WORK TO COMPLETE ->
The lines below, from the one containing "Милые мини-акриловые заколки" through the one containing "तस्वीर मृतक योगेश, उसकी", should be set down exactly, with no pictures and nothing else.

EXERCISE DATA ->
**********
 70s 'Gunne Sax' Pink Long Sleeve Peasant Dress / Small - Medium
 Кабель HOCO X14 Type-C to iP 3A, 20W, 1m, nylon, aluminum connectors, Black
**********
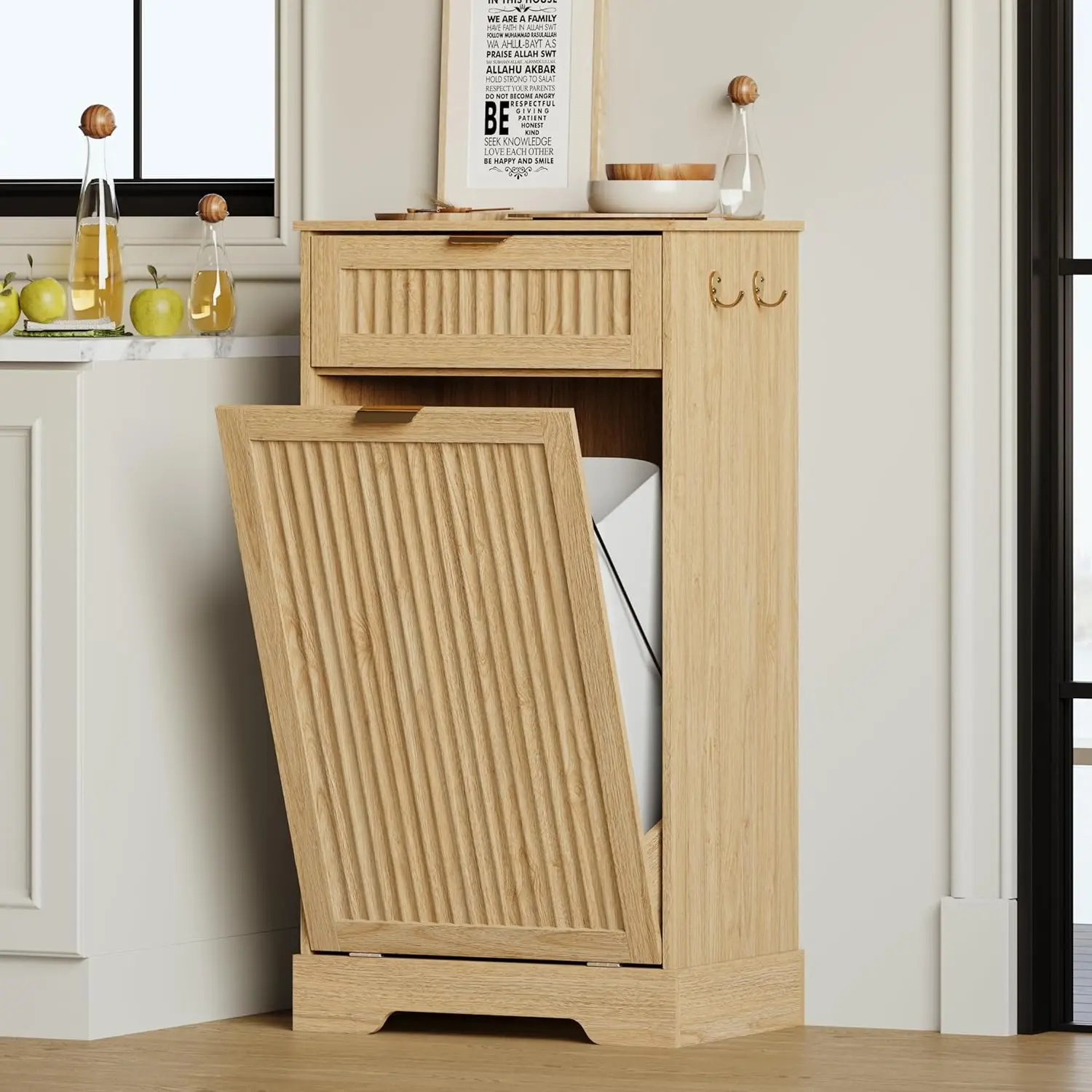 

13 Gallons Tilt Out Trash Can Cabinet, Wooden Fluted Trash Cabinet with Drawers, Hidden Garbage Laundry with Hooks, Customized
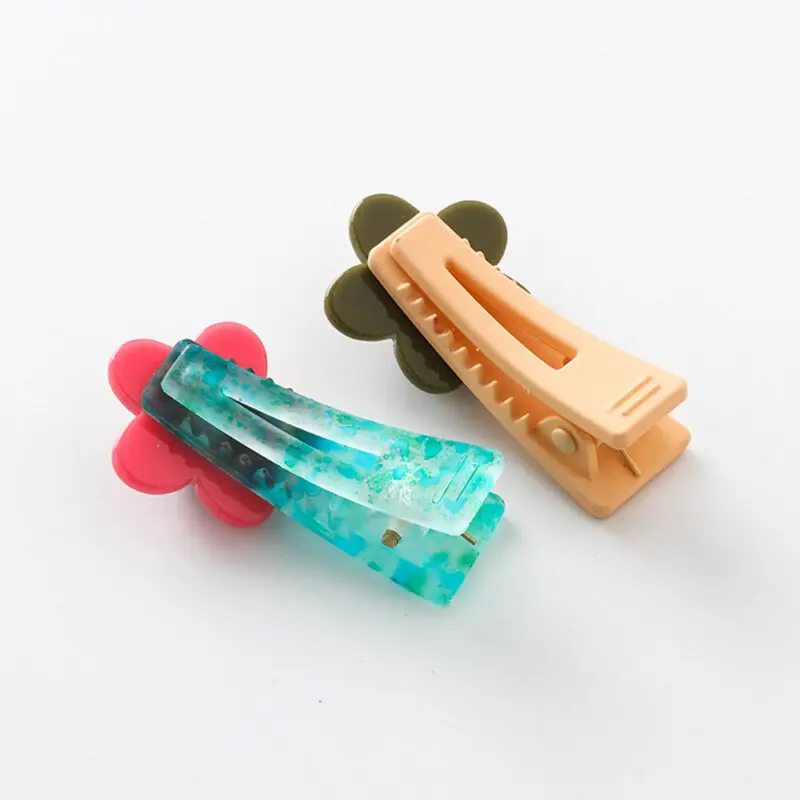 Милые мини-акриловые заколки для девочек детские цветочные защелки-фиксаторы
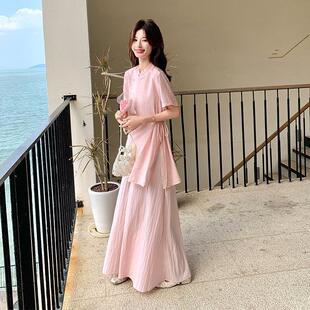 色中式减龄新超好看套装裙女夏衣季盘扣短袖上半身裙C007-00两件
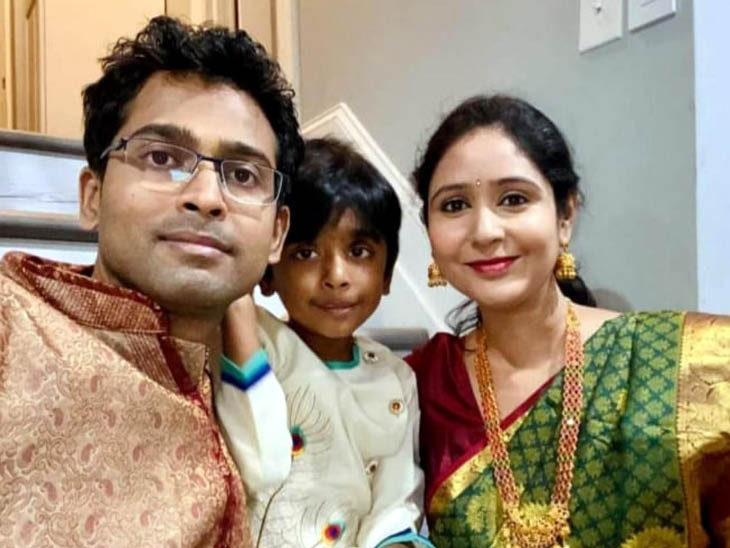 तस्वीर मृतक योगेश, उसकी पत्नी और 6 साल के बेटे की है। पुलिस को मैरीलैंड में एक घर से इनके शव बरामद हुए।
**********
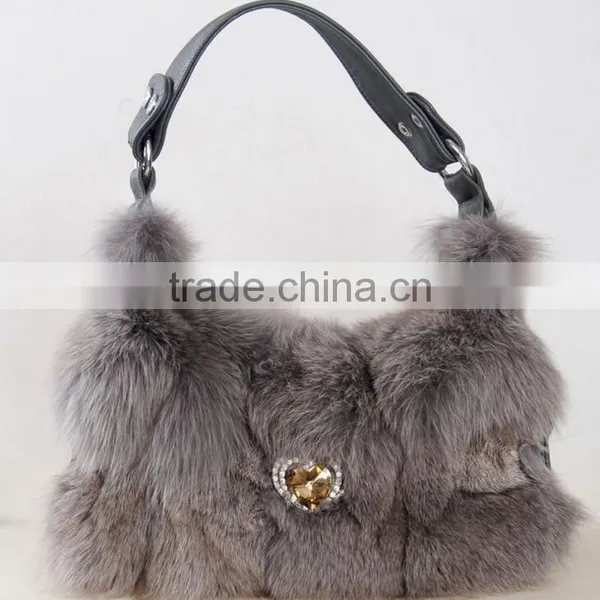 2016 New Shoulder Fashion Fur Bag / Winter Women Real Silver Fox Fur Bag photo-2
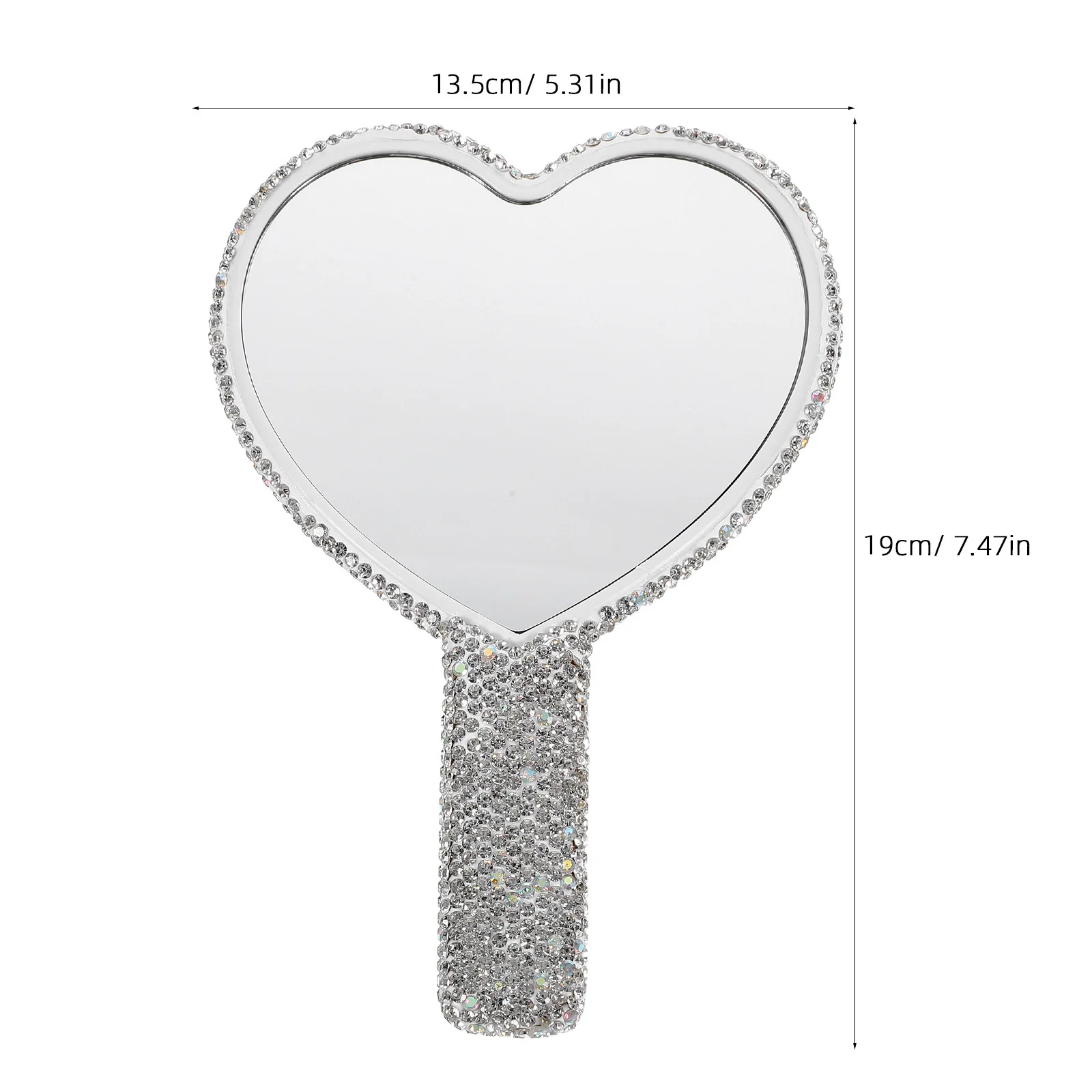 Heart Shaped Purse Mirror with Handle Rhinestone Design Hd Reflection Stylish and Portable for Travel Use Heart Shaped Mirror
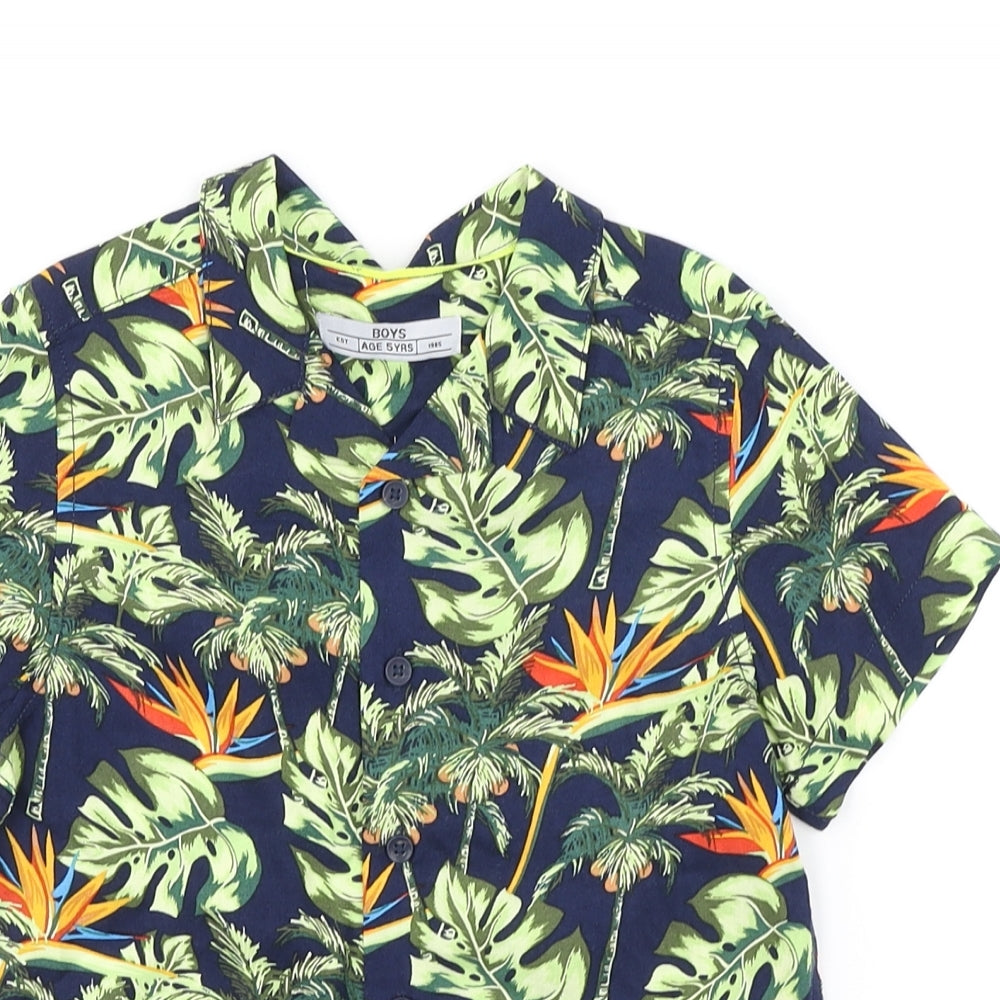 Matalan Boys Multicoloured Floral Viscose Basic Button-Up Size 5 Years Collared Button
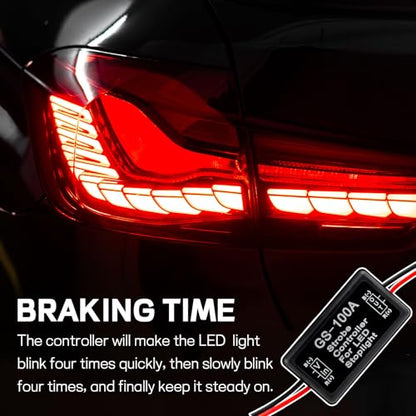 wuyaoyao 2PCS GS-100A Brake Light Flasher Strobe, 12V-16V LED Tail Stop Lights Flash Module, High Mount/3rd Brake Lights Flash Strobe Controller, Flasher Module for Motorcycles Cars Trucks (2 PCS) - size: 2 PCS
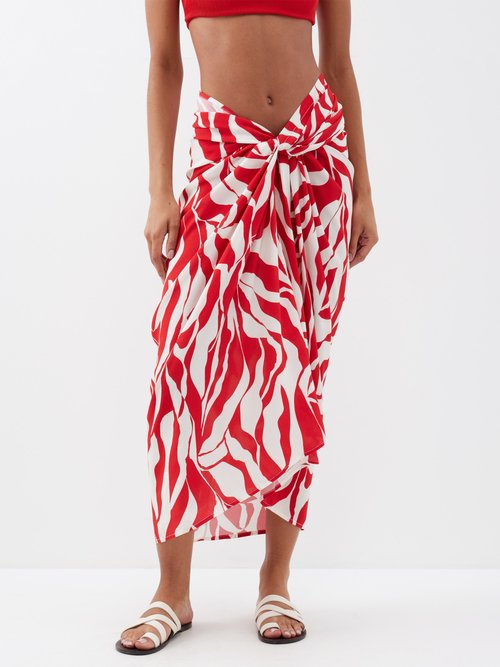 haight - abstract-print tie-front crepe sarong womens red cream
**********
COMPLETED TASK ->
 Милые мини-акриловые заколки для девочек детские цветочные защелки-фиксаторы
 色中式减龄新超好看套装裙女夏衣季盘扣短袖上半身裙C007-00两件
 तस्वीर मृतक योगेश, उसकी पत्नी और 6 साल के बेटे की है। पुलिस को मैरीलैंड में एक घर से इनके शव बरामद हुए।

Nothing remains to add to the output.